Foi bem antes da polarização distópica cravar uma linha divisória nos nossos hábitos gastronômicos. Havia um tempo em que o Bis não era chocolate de esquerda e o hambúrguer Madero não era um símbolo da direita. Uma lata de Leite Moça era apenas uma tentação.
Foi bem antes. Ainda na década de 1980, há registros de Leonel Brizola usar o termo "cachaceiro" para se referir a Lula. Os tempos mudaram, as décadas passaram e muitas palavras foram ressignificadas. Mas o termo "cachaceiro" continua com a pecha pejorativa. E faz tempo que a direita se apropriou da palavra para ofender o atual presidente.
Notem que aqui não há uma defesa do presidente Lula. Mas, sim, do cachaceiro.
Criada por escravos em meados do século 16, a cachaça nasceu marginalizada. Assim como o samba, o funk e outras manifestações populares, a
cachaça era rechaçada por quem mantinha a cabeça em pé, levando os olhos a mirarem apenas o hemisfério norte.
Atenção! Alerta para o "momento Sebrae" do texto: "Estigmatizada durante muito tempo como ‘birita’ dos setores menos favorecidos da sociedade, a cachaça foi se sofisticando e, depois de ter sido valorizada no exterior, conquistou o paladar de grande parte dos brasileiros. Hoje, ela é considerada uma bebida nobre, e sua produção desenvolveu uma indústria sofisticada".
Por isso, a cachaça está umbilicalmente ligada à cultura brasileira. A caipirinha é uma brilhante contribuição do país para o mundo —tanto gastronômica quanto etimológica.
Hoje o Brasil produz cachaças para todos os gostos.
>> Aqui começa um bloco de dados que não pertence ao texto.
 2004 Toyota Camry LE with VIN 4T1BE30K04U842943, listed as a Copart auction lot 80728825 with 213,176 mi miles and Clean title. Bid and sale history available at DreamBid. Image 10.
Sofisticadas ou populares. Com mel ou com notas de carvalho tímido cultivado ao som de Pixinguinha. Caipirinhas e drinques gourmetizados. É possível beber com gosto, sem exageros.
Enólogos têm prestígio na sociedade. Cervejeiros e cervejeiras ganharam o epíteto de "mestre". O "cachaceiro" não. Continua soando como um xingamento classista, preconceituoso e ultrapassado.
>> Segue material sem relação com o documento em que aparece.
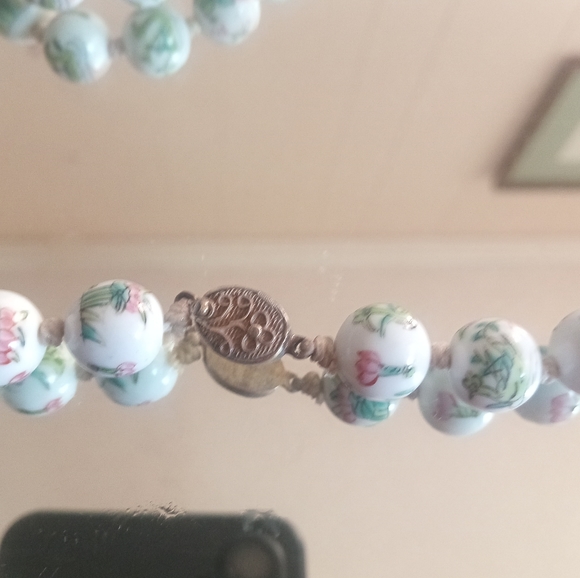 VINTAGE porcelain hand knotted beaded necklace - Picture 4 of 5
No Brasil atual, não sei se a cachaça é de esquerda ou de direita. Mas convido o presidente Lula a assumir, com orgulho, a expressão que usam para desprezá-lo.
É como diz o "Mestre Sala dos Mares", de João Bosco e Aldir Blanc: "Glória à farofa/ à cachaça, às baleias/ glória a todas as lutas inglórias/ que através da nossa história não esquecemos jamais/ salve o navegante negro".